- Born: Melicent Jane Ayscough 23 March 1887 Brisbane
- Died: 6 July 1974 (aged 87) Rose Bay, New South Wales
- Occupation: Club President
- Known for: creating a nationwide club to improve public speaking for women
- Spouse: Malcolm Henry Ellis ​(m. 1914)​
- Children: a daughter

= Melicent Jane (Jean) Ellis =

Australian co-founder of the Penguin Club (1887–1974)

Melicent Jane Ellis OBE (March 23, 1887 – July 6, 1974), born Melicent Jane Ayscough and known as M. Jean Ellis, was the Australian co-founder of the Penguin Club, which encouraged women to speak publicly with confidence. It was her leadership that saw the organisation spread to every state in Australia. The not-for-profit organisation is now known as "Speaking Made Easy".

==Life==
Ellis was born in Brisbane in 1887. She married the historian and writer Malcolm Henry Ellis in 1914 in the Anglican St Luke's Church in Brisbane. Ellis had intended to be a nurse and she had saved up fifty pounds to pay for her training. This did not happen and their daughter was born in 1915. Ellis later attended lectures at the University of Sydney.

Ellis was an excellent public speaker and in 1937 she and a less confident friend founded the Penguin Club of Australia which taught women to have confidence when speaking in public. She initially took the role of secretary, but after a year she took the role of President. She had a divorce in 1939 and then lived with her daughter.

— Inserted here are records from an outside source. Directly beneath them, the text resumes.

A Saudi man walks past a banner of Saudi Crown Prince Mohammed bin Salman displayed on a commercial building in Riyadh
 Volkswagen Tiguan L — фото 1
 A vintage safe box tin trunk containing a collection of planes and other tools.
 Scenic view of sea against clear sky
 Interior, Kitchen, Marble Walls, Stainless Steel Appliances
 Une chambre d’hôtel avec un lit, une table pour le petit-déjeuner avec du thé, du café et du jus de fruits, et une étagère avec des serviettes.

The Penguin Club was still young when the country was at war, but Ellis still managed to visit different branches in different states. During the war she was organising the construction of camourflage nets using twine. That organisation was called the Central Netting Depot and it initially used the large space of a ballroom to arrange the sisal into nets. By 1945 her organisation had manufactured thousands of these nets for the military at fifty different locations. In the same year, she became the (autocratic) Federal president of the Penguin Club of Australia. This was an unpaid position and "Mother Penguin" did not allow anyone to change the rules.

In 1956 there were over 40 branches with over a thousand members when the first Penguin Club in the capital territory was formed. Ellis was at the initial meeting of 60 women who decided to create Canberra's branch. At the meeting were members of Rostrum which was a similar (and older) group that assisted men who wanted to speak better in public. The Penguin Club's meetings followed a syllabus. The speaking would last for an hour and then someone (e.g.a Rostrum member) would offer twenty minutes of advice.

Each state in Australia had its own council who were elected twice each year. Each state would send two delegates to the Penguin Club's Federal Council. A notable members of the club was the prime minister's wife, Margaret Whitlam.

In 1963 Queen Elizabeth II was in Sydney and Ellis was awarded an OBE.

==Death and legacy==
She died in 1974 in Sydney. On the centenary of her birth and fifty years after the Penguin Club was formed, Untamed by Time was published which includes accounts of her by her admirers.

The organisation she created was renamed "Speaking Made Easy" and it encourages membership irrespective of gender.